Dáil debates

Thursday, 8 July 2021

Affordable Housing Bill 2021 [Seanad]: Committee and Remaining Stages

 

2:40 pm

Photo of Eoin Ó BroinEoin Ó Broin (Dublin Mid West, Sinn Fein) | Oireachtas source

I will speak to amendment No. 24 in this group on the subject of PPPs. Public private partnerships are quite a new model for developing social housing in a context here. The first bundle, as the Minister knows, was completed earlier this year, with 109 of the first 500 in my constituency. They were tenanted recently. The difficulty with the PPP model is in the detail, and I want to briefly outline the reason it is not the right model to deliver homes.

There is an exercise at the heart of awarding the contracts for public private partnerships, which is a public sector benchmarking exercise. Officials from Dublin City Council, the Department of Housing, Local Government and Heritage and the Department of Public Expenditure and Reform carry out a public sector benchmarking exercise, asking themselves what would it cost the public sector to do what we are asking the private sector to do. It looks at the cost of construction, the cost of management and maintenance and a number of other issues. A figure is derived. That figure is never made public and never made available to councillors or Members of the Oireachtas to scrutinise it properly in real time. It is used to decide which of the bids for the public private partnership are the most competitive and on this basis an award is given. The difficulty is that the costings built into the public sector benchmark are not actually the same as what the State would give a local authority not only to build or to buy but also to manage and maintain social housing stock over the same period of time. We are not comparing apples and oranges. Therefore, from the very get go, the private sector is being given a better deal and a higher level of remuneration for the provision, management and maintenance of the stock than a local authority would be.

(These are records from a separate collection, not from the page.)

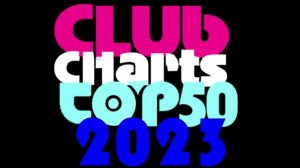 Classifica Video Annuale 2023 Club Rotation Dance Chart Top 50 By #VJFocus
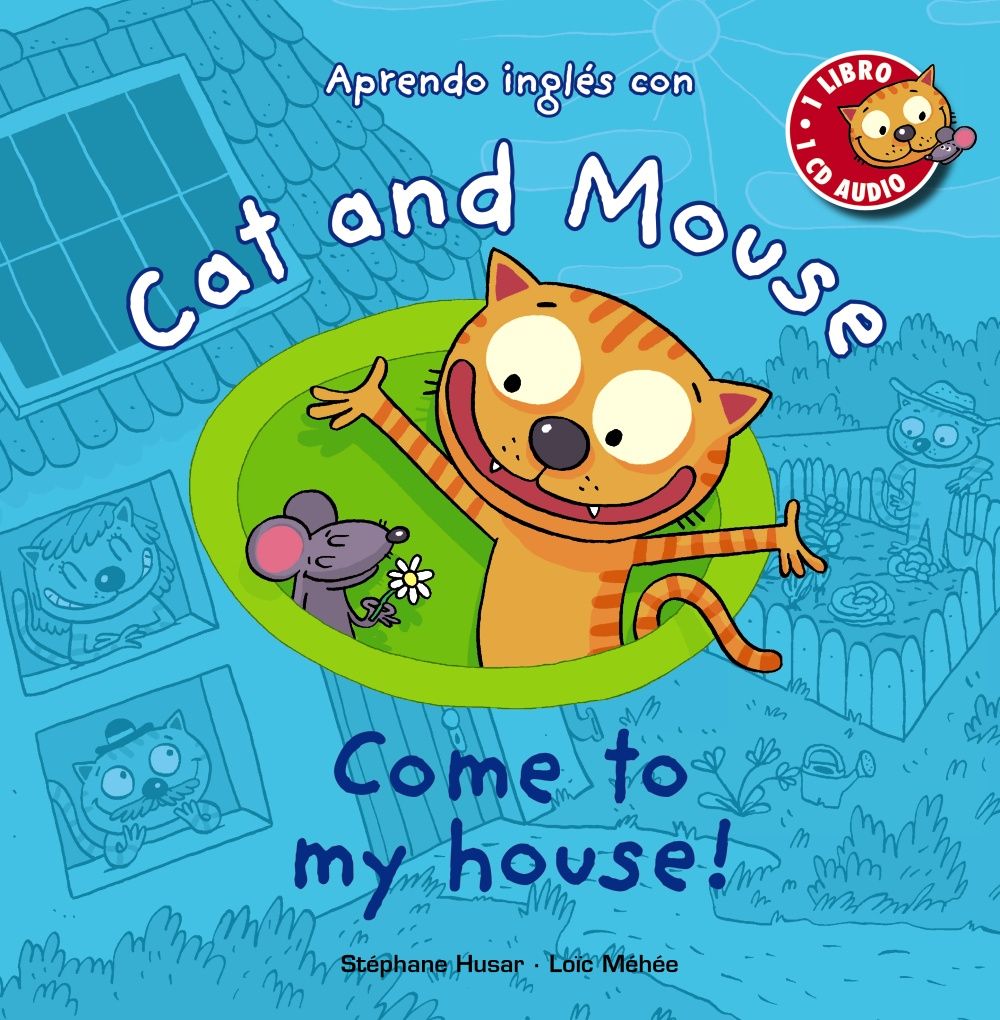 CAT AND MOUSE. COME TO MY HOUSE!. 
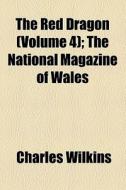 The Red Dragon (volume 4); The National Magazine Of Wales di Charles Wilkins edito da General Books Llc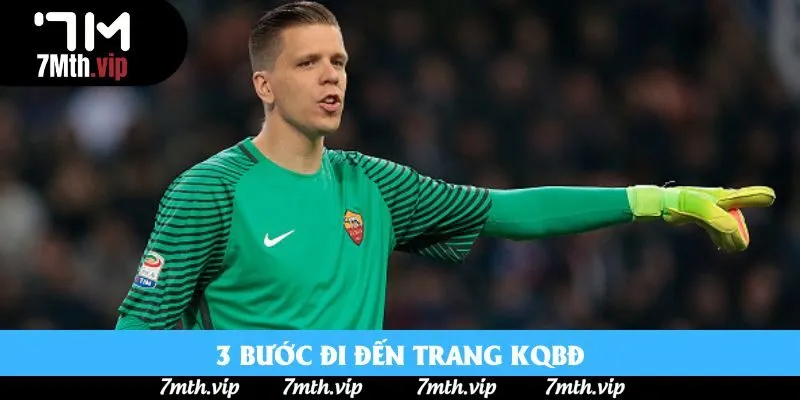 3 bước đi đến trang KQBĐ 3 bước đi đến trang KQBĐ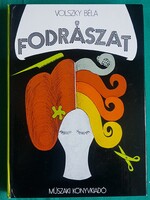 Volszky Béla: Fodrászat > Tankönyvek > Hajápolás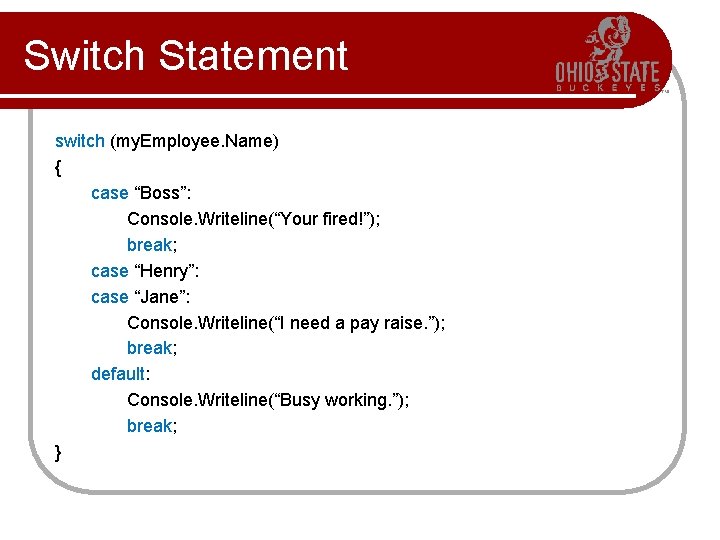 Switch Statement switch (my. Employee. Name) { case “Boss”: Console. Writeline(“Your fired!”); break; case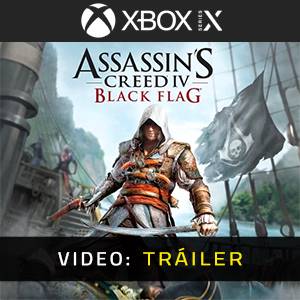 Assassin s Creed 4 - Black Flag Xbox Series- Tráiler de Video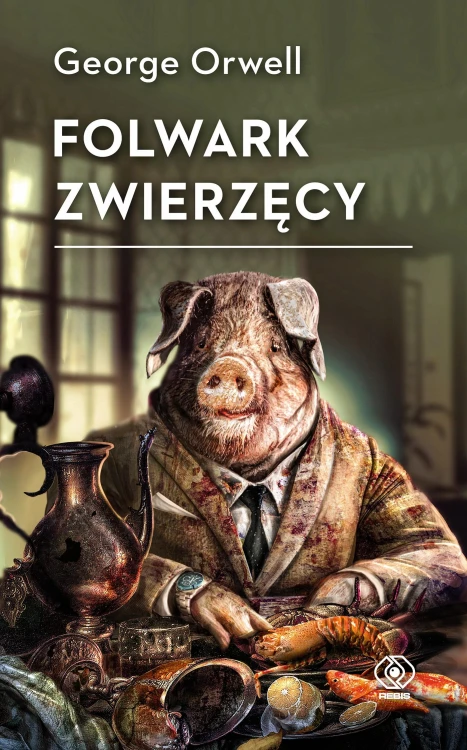 Folwark Zwierzęcy wyd. 2026, George Orwell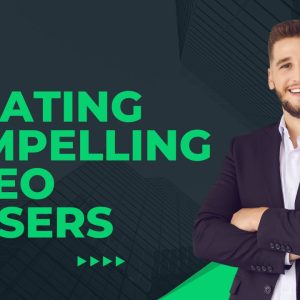 Creating Compelling Video Teasers
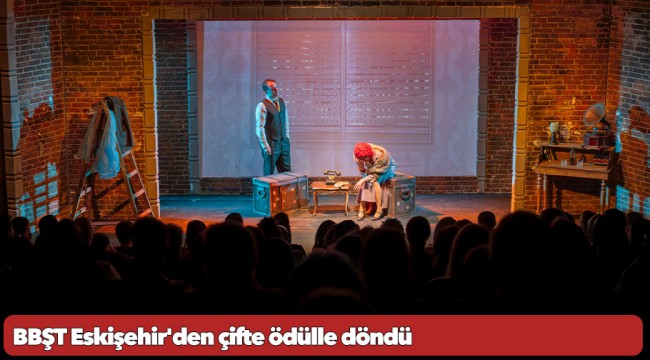 BBŞT Eskişehir&#039;den çifte ödülle döndü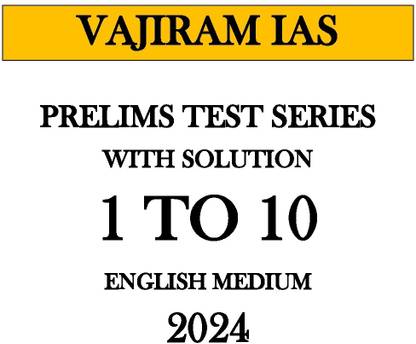 Vajiram Ias Prelims Test Series 1 To 10 English Medium 2024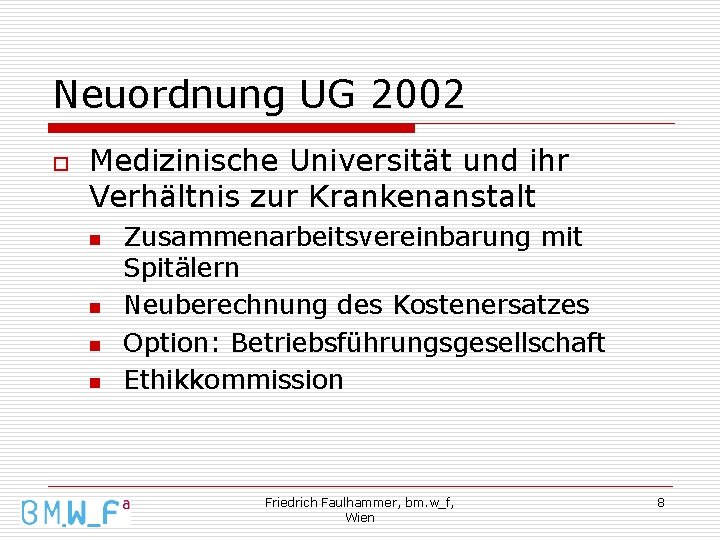 Neuordnung UG 2002 o Medizinische Universität und ihr Verhältnis zur Krankenanstalt n n Zusammenarbeitsvereinbarung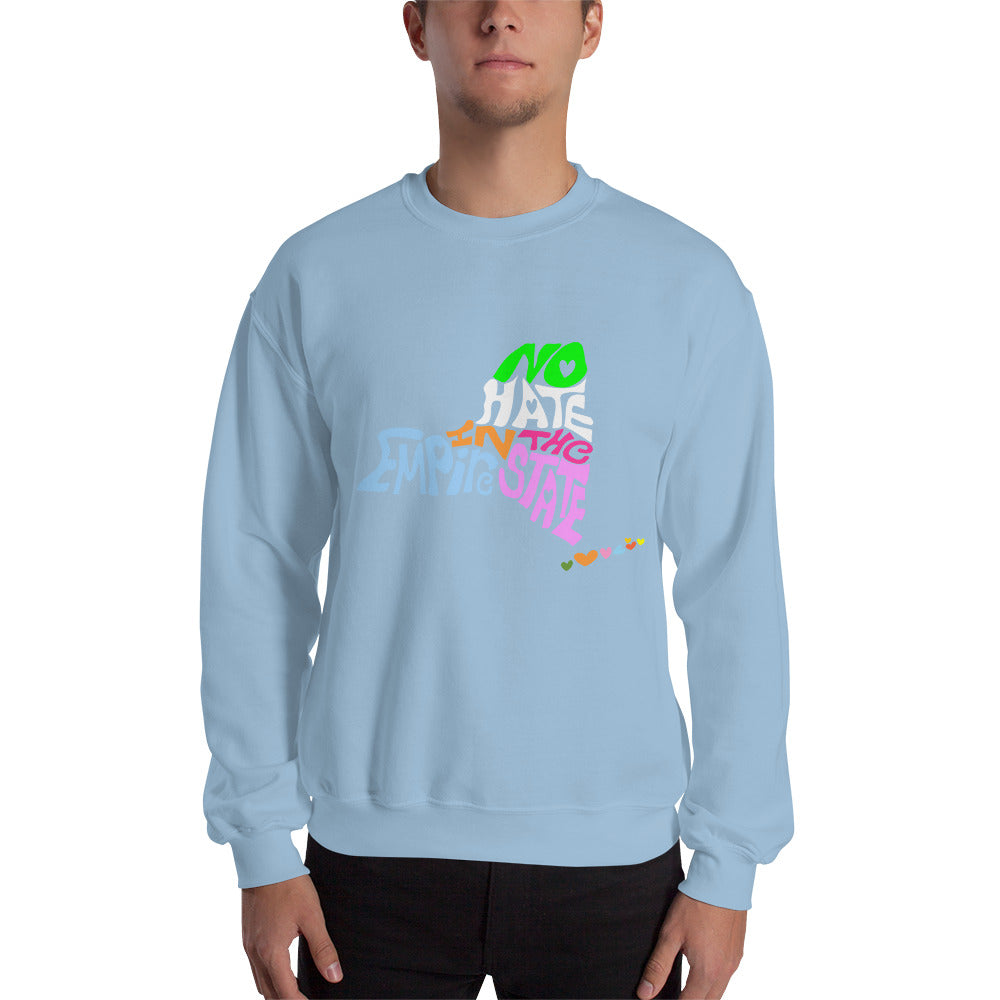 No Hate In The Empire State Unisex Sweatshirt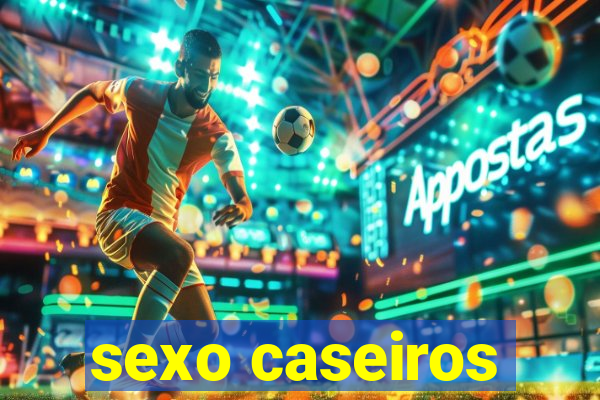 sexo caseiros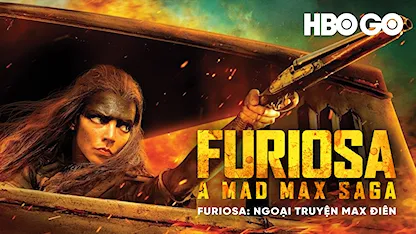 Furiosa: Ngoại Truyện Max Điên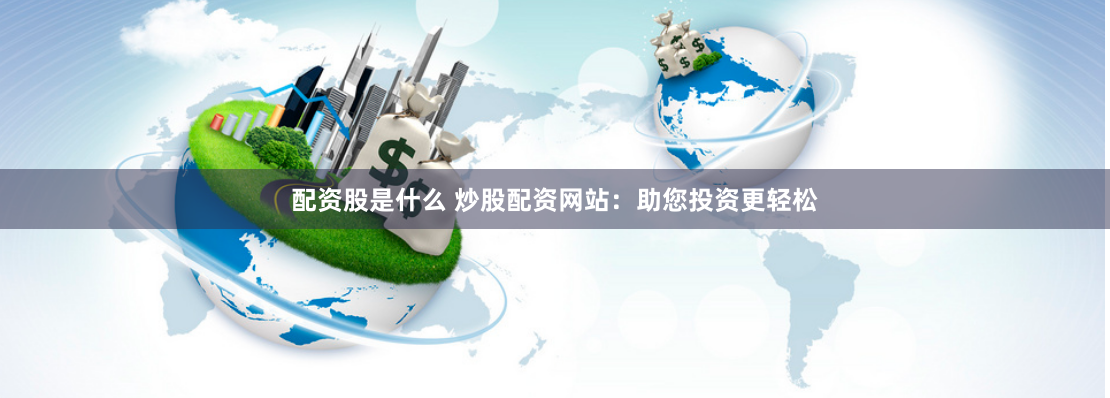 配资股是什么 炒股配资网站：助您投资更轻松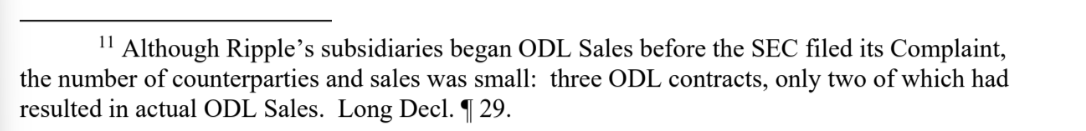 Further detail about #Ripple's ODL (#XRP) sales, p.9: 'Although Ripple’s subsidiaries began ODL Sales before the SEC filed its Complaint, the number of counterparties and sales was small: 3 ODL contracts, only 2 of which had resulted in actual ODL Sales.'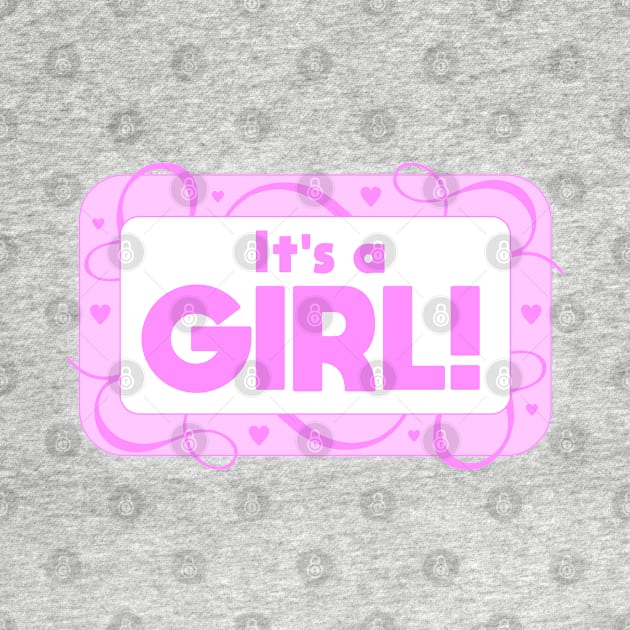 It's a Girl by Dale Preston Design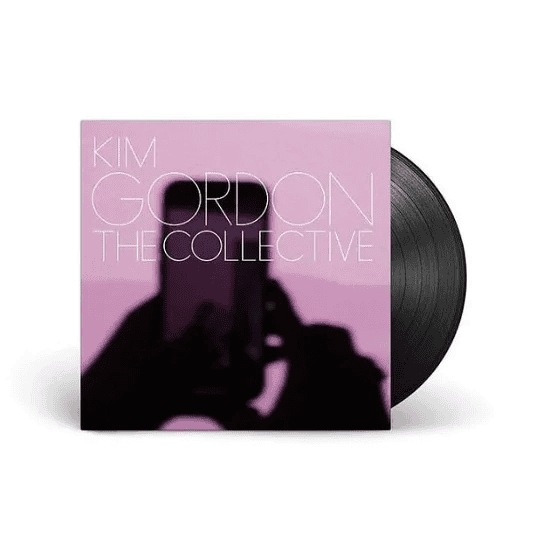 KIM GORDON - The Collective Vinyl - JWrayRecords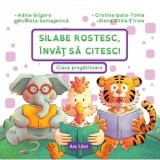 Silabe rostesc, invat sa citesc! Clasa pregatitoare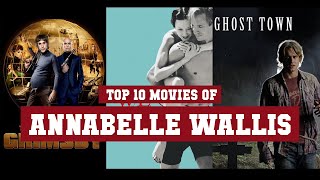 Annabelle Wallis Top 10 Movies | Best 10 Movie of Annabelle Wallis
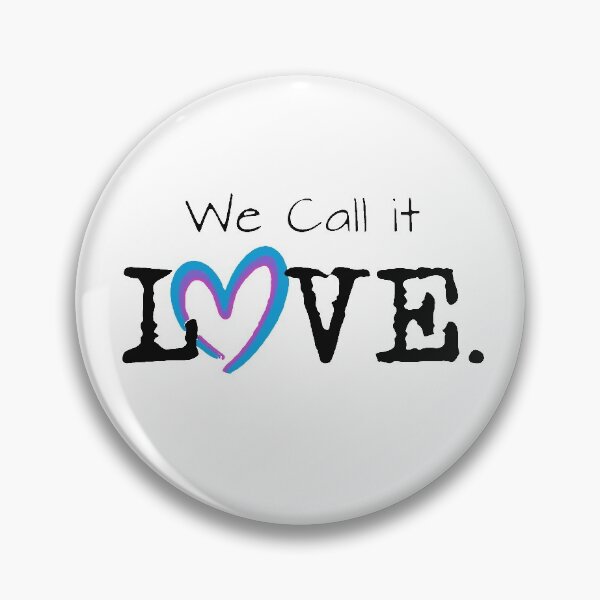 We Call it Love Pin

By virtue of using a public private partnership there are additional layers of cost. The finance, as Deputy Boyd Barrett has said, is more expensive. There is also the profit margin of the various players in the public private partnership consortium, which I will come back to. When the public private partnership consortium is forward projecting the cost of management and maintenance, of course it will be very risk averse and will include higher costs in its calculations. In a number of other jurisdictions where public private partnerships are used we have seen that they can become very litigious if they do not get their way at a later stage when those higher costs become a matter of dispute.

The other great difficulty with public private partnerships is their complexity because in the consortium we will have a financier, a building contractor, a maintenance contractor and an approved housing body to manage the tenancies, although the tenancies are actually with the local authority. This means getting anything done in addressing issues at the snagging stage as people are tenanting, or issues that may arise with tenants or that may arise with management and maintenance, is incredibly complex, unlike standard social housing delivered by local authorities or approved housing bodies where we go to the person in charge. We end up moving around five, six or seven different players with different levels of responsibility, all incredibly complex and time-consuming and all incredibly expensive and much more difficulty to resolve the problems. I have a very long list of real-life examples that I have been dealing with in respect of the public private partnership in my constituency, the details of which I will not go into today.

We know from school building projects that when something goes wrong with a public private partnership the State is on the hook. Contrary to the claim of Government that public private partnerships transfer risk to the private sector and protect the taxpayer, the very opposite is the case. The UK has been using public private partnerships for housing regeneration projects and new build projects for some time. There has been a series of independent studies that show they are high risk for the State, more expensive and, in many respects, slower to deliver.

I have to say this is a bad model for delivering public housing. It is bad in terms of cost, management and maintenance and tenancy management. I have to say it has no place in an affordable housing Bill. The land in my constituency that has the 109 homes would always have had 109 homes. It would just have been much better if the State had funded South Dublin County Council to deliver them. The tenants and the rest of us would have been much better off for it. On this basis, I urge the Minister to remove public private partnerships not just from the Bill but from public housing delivery in general because it is a very bad model.